Vous dites, M. Prémont: «Nous sommes une petite société d'État avec un modèle de gouvernance exemplaire qui favorise la participation et l'utilisation du talent de ses membres.» Je vais vous parler de finances un petit peu, parce que j'ai les chiffres devant moi, et, dans un contexte budgétaire extrêmement difficile, où l'augmentation de vos subventions, donc l'argent de l'État, a été de 7 % l'an passé, vous avez presque 54 millions de dollars qui vous a été donné, avec les intérêts, près de 54 millions, une augmentation de 7 %. Et malgré ça vous avez réussi à faire un déficit de 1,3 milliard... de 1,3 million. Ça, c'est ce qui est indiqué en 2010, un déficit de 1,3 million. Vous avez eu des augmentations de frais de fonctionnement, M. Prémont, de 12 % l'an dernier; une rémunération à la hausse de 15 %; formation et perfectionnement, hausse de 71 %; les honoraires, hausse de 17 %; hausse de 18 %, du loyer; la reprographie aussi, hausse de 52 %.
La gouvernance, je suis entièrement d'accord. Mais, dans un contexte budgétaire difficile, ceux qui reçoivent 7 %, dans une entreprise, de revenus additionnels, dans n'importe quelle PME du Québec... Vous comprendrez que, si les revenus sont à la hausse, d'habitude on devrait faire attention et pas nécessairement amener un déficit au fonds que l'on préside. Alors, si je me fie à vos chiffres, que j'ai dans les mains, ici, pour 2010, 2009, vous aviez fait un excédent l'an dernier et, cette année, vous avez fait un déficit avec les argents qui ont été... qui vous ont été donnés, à la hausse.

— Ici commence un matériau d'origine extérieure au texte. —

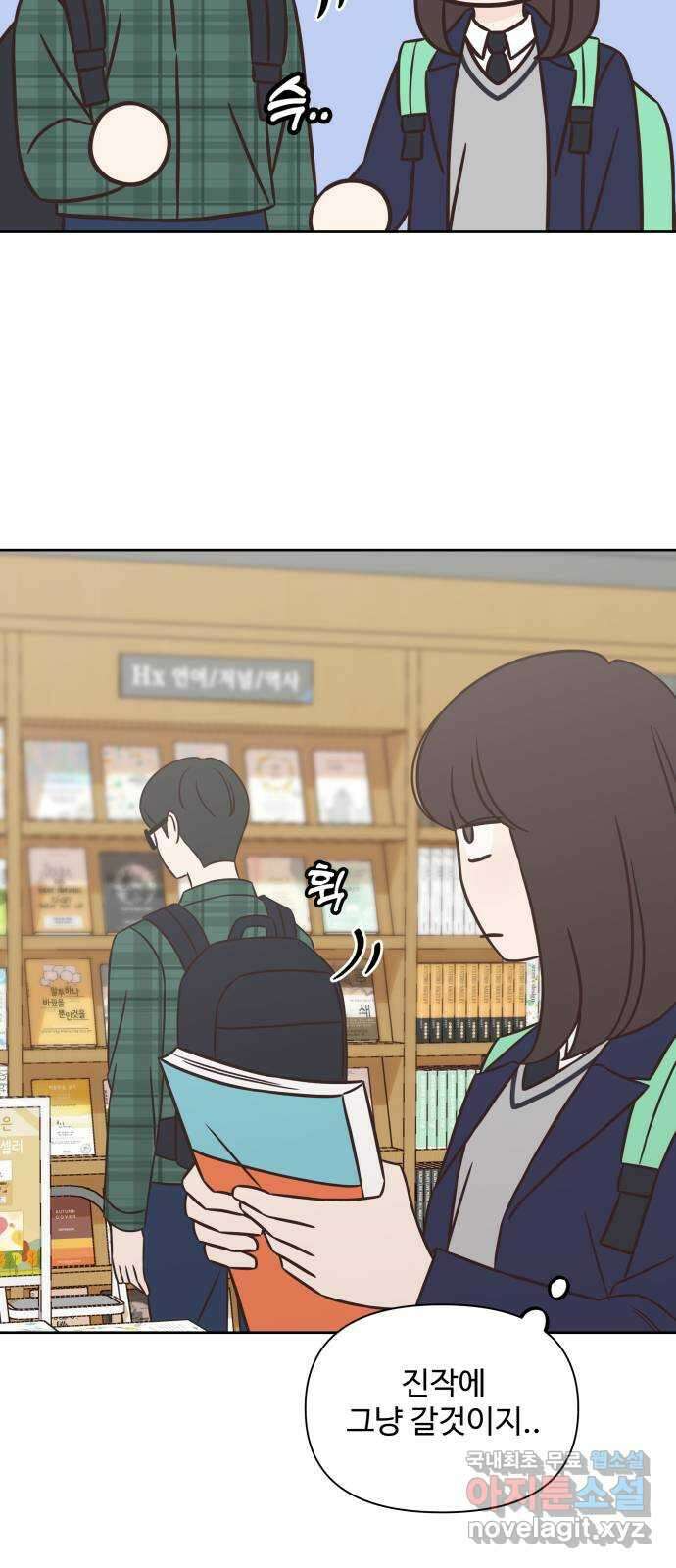또다시 열일곱 11화 8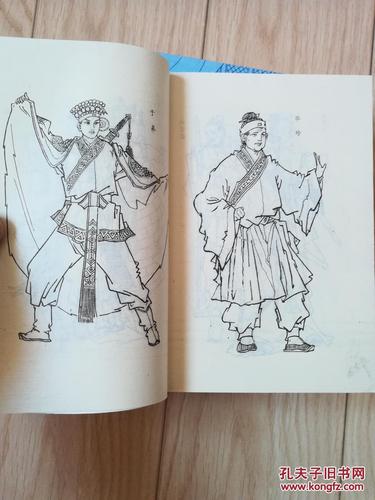 传统评书:洪武剑侠图(上下),洪武剑侠图续篇(上下)全套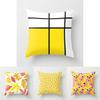 Versatile Yellow Polyester Pillow Case Cover For Sofa Car And Waist Support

Alors, ma question est fort simple: Pensez-vous, dans le contexte budgétaire extrêmement difficile que les Québécois ont, que vous auriez pu encore faire mieux, être capables au moins d'égaliser à zéro ce budget qui vous a été donné, qui vous est octroyé comme président?
Le Président (M. Huot): M. Prémont, une minute
M. Prémont (Pierre): Écoutez, quand vous parlez de déficit, là, c'est l'utilisation des excédents pour aller dans les programmes de transfert. Il faut faire attention, là, quand on prend des terminologies dans des documents puis qu'on dit «un déficit», ce n'est pas un déficit vraiment d'opération. C'est tout simplement l'utilisation de fonds qu'il y avait au début, qui sont là pour la recherche, puis qu'on ne peut pas utiliser dans une année puis qu'on utilise dans l'autre. Puis, quand vous prenez des statistiques de frais à une place, de frais à l'autre, moi, je peux vous dire que, pour nos frais d'administration, au cours des deux dernières années, là, ils sont à... Ils se situent, les frais d'administration, d'opération, ils se situent autour de 4,5 millions. Ils sont, d'année en année, autour de ça, et puis... Pardon?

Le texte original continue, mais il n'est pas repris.